To diffuse it still more extensively among the laity, Father Hajnal (d. 1644), the celebrated Hungarian Jesuit, undertook to publish its first treatise in book form. In his vernacular in 1629 he edited work in Vienna, under the title "Jesus Szentseges Szive tiszteloinek konyve." The Polish Jesuit, Father Druzbicki, followed in his footsteps with work whose title was "Meta cordium, Cor Jesu." These two pioneers paved the way for the immediate precursor of Blessed Margaret Mary, viz., Father Eudes. In the estimation of Father Le Dore, Father Eudes justly merits to be called the first apostle of the Sacred Hearts of Jesus and Mary.6 The two Congregations and the Seminary Chapel he founded were placed under the protection of the Hearts of Jesus and Mary. In 1670 he edited work entitled "La devotion au Coeur adorable de Jesus," in which he inserted an Office and Mass in honor of the Sacred Heart. The same year it received the approbation of three Bishops. He established feast of the Sacred Heart and the Mass and Office composed by him were read. Father Le Dore quotes the words of approbation of Bishop de Lomenie de Brienne, and those of Bishop de Maupas de Tour. It is evident from these citations that their conception of the devotion was practically the same as it exists in our own era. On July 25, 1680, Father Eudes finished his work entitled, "Coeur admirable de la tris sainte Mere de Dieu." The last of the twelve books is devoted exclusively to the devotion to the Sacred Heart of Jesus.
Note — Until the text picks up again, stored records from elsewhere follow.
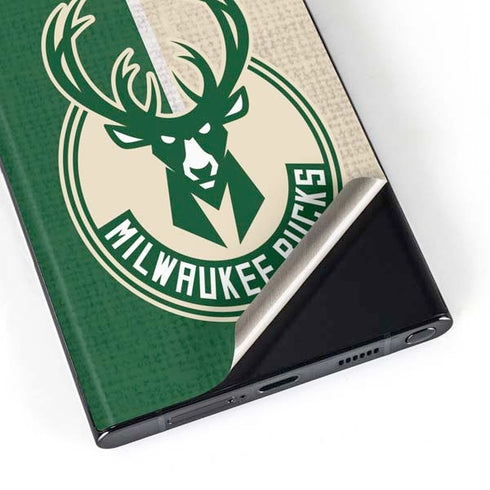 NBA Milwaukee Bucks Split Canvas Galaxy Skins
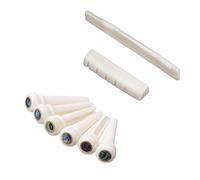 Lot de chevilles de chevalet pour guitare acoustique - Chevalet, hausse et chevilles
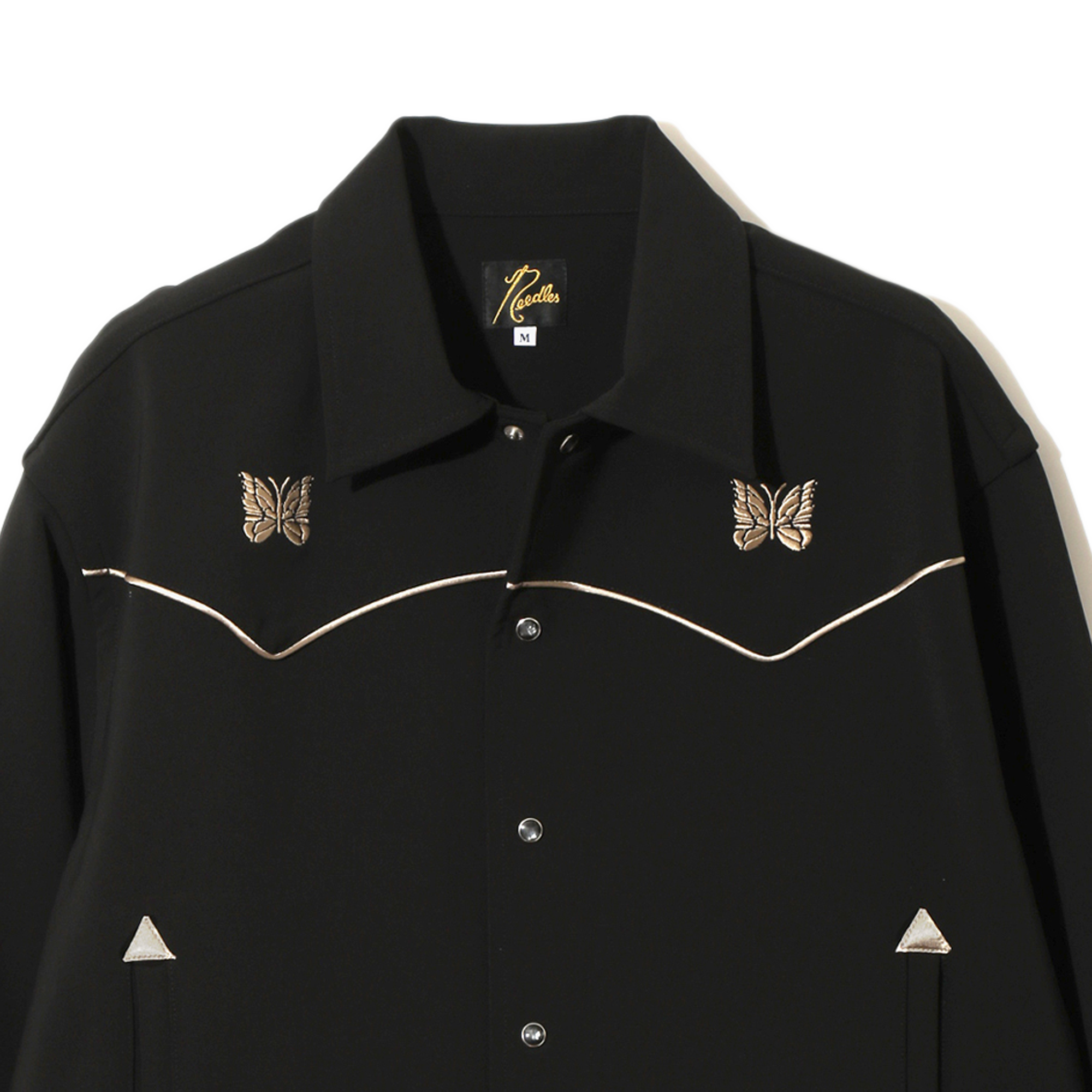 Needles Piping Cowboy Jacket Poly Double Cloth Black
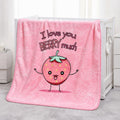 Tiny Tots 2-Ply Cot Baby Blanket - Berry Blush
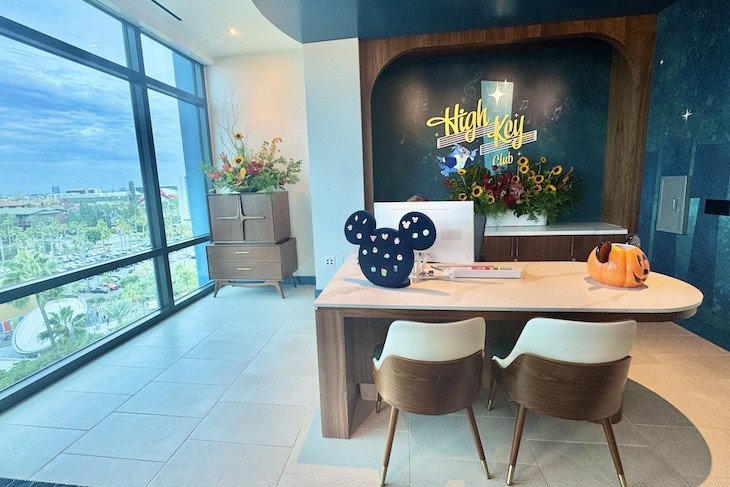 High Note Club lounge concierge desk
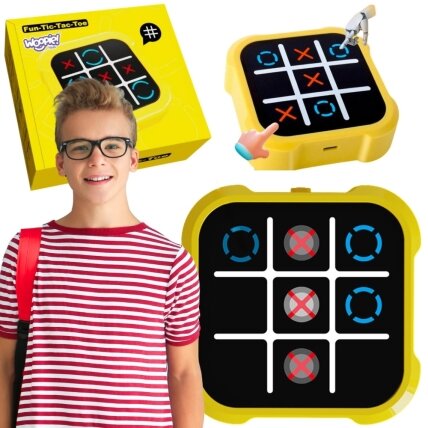 WOOPIE Elektroninis žaidimas Kryžiukai ir nuliukai, loginis edukacinis 4in1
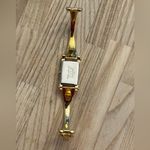 Citizen Ladies Watch Gold Tone Bangle Bracelet Rainbow Pearl Rectangular Dial Photo 7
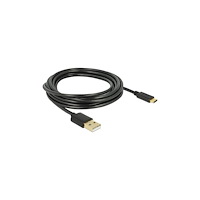 DeLOCK Delock - USB typ C-kabel - 24 pin USB-C till USB - 3 m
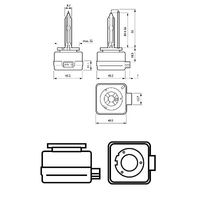 PHILIPS Glhlampe, Fernscheinwerfer "Xenon Vision", Art.-Nr. 85415VIS1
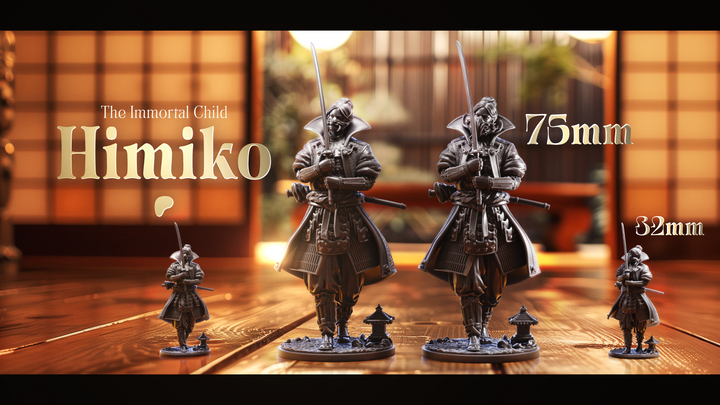 Himiko - The Immortal Child - 32mm & 75mm Mini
Father Le Dore, com menting upon this work, says "C'est un excellent traite de la devotion au Sacre Coeur du Fils de Dieu." Father Eudes was declared Venerable by decree issued on January, 1904, and honored with the title "Auctor liturgici cultus SS. Cordium Jesu et Mariae."
Pere Bouvier, in his excellent article, maintains that Msgr. Languet ignored the merit of this great forerunner of the Sacred Heart Devotion. This statement is not founded on truth. Msgr. Languet, in the Life of Blessed Margaret Mary, published in 1729, pays a signal tribute to Pere Eudes. He calls him " the most zealous hero of this illustrious devotion." He gives a summary of his life; enumerates some of his merits, and points out that the Office Father Eudes composed, was approved by the Archbishop of Rouen, by six Bishops, and a number of Doctors of the theological faculty of Paris. Clement X was so pleased with the religious enthusiasm he displayed in this respect, that, in 1674, he issued six Briefs of Indulgences in which all the churches of his seminaries were to participate in perpetuity. Notwithstanding the indefatigable zeal Father Eudes displayed, in order to spread and make known this devotion, the words of Pere Allet may be repeated here with propriety: " Pere Eudes did not receive from heaven a formal and authentic mission to establish the feast of the Sacred Heart for the universal Church. Irrespective of this privilege, however, he played an important role in its introduction."